One of the greatest challenges of authenticating an aging voice is that every individual’s voice ages uniquely and at a different rate, which means there is no universally accepted factor that can be used in a known authentic recording to counterbalance the aging aspect.
“Voice biometrics aren’t accurate enough on their own. You have to add other factors like spoofing detection and phoneprinting,” said Dr. Elie Khoury, a principal research scientist at Pindrop.
Khoury, who completed a long-term research study on voice aging, recently delivered a presentation on his results at the RSA Conference in San Francisco.
Unlike fingerprints and irises, which stay relatively the same over time, a user’s changing voice can directly affect scoring models and result in false acceptances or rejections.
In a two-year study of 122 participants who were native speakers of English, Dutch, French, German, Spanish, and Italian, Khoury concluded that the expected error rate (EER) of positively identifying a speaker increased drastically over time.
The study found that the EER almost doubled over the two years, as well as proving that not only one trait changes in a speaker’s voice over time.
“There’s a change in the pitch and the speed of the speech.
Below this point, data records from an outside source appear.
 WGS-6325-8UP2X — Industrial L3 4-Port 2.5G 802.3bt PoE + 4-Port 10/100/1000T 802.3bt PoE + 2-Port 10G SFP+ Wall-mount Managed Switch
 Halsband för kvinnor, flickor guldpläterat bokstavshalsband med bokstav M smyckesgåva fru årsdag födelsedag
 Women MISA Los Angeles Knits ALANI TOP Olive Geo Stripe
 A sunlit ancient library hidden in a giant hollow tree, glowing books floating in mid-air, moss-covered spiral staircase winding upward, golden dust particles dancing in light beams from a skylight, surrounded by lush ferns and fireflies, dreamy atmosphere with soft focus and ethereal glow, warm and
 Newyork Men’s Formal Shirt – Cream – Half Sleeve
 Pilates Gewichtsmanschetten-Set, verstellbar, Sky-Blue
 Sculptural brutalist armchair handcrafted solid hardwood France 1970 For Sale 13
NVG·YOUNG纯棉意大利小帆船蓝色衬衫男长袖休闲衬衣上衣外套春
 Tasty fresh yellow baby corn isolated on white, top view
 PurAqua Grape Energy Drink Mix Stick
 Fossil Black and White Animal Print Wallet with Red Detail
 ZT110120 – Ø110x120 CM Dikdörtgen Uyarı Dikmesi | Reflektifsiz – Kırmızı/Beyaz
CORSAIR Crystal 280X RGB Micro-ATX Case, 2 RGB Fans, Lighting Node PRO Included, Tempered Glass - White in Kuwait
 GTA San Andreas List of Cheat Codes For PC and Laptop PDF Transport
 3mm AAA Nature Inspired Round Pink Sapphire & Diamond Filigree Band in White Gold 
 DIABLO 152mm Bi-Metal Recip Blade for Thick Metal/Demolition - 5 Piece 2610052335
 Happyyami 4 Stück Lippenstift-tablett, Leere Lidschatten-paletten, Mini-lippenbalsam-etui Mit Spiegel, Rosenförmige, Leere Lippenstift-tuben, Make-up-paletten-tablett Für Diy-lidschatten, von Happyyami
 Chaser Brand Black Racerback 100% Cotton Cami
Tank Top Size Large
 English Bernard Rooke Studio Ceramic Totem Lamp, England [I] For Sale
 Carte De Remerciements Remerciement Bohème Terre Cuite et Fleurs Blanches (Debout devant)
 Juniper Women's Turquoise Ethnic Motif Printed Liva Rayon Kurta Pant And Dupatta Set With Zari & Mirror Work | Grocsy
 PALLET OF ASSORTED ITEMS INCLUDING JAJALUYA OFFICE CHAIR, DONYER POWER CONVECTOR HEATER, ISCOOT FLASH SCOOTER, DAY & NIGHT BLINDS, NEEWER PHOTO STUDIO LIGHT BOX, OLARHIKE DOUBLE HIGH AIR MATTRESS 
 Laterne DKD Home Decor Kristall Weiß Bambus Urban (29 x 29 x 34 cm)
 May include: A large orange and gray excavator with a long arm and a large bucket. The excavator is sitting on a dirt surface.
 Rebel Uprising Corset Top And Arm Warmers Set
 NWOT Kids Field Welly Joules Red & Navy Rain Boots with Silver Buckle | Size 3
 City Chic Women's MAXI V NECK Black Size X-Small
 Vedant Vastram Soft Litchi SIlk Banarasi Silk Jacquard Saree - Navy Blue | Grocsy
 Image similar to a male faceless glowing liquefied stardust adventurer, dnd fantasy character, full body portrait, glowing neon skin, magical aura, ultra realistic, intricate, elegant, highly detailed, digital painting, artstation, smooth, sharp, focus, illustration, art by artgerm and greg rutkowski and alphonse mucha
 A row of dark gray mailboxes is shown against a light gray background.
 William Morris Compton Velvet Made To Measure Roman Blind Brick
When you compute the score, it will decrease slowly over time,” Khoury said. “That’s what’s risky for voice biometrics. The score should remain as high as possible for a match. Aging can make false detection or rejection go up over time. And the pitch will change multiple times during a lifetime.”
Aside from age, there are several other factors that can contribute to variances over time. Factors such as the speaker’s emotional state, stress levels, health, and vocal effort can all impact the accuracy of voice authentication, Khoury said.
As such, researchers are developing ways to compensate for these factors in order to improve the accuracy of voice models.
One method to improve accuracy is to tweak the threshold for acceptance, based on the amount of time that passes between tests.
Khoury said updating a model frequently can help compensate the effects of voice aging. By studying more than 400 recordings of Barack Obama’s public speeches from the beginning of his first term through the end of the second, Khoury found that reconfiguring the biometric model significantly lowered the impact that voice aging had on the score.
“You can update the model with each new recording, but that’s risky if someone is able to attack the system and compromise the model,” Khoury said.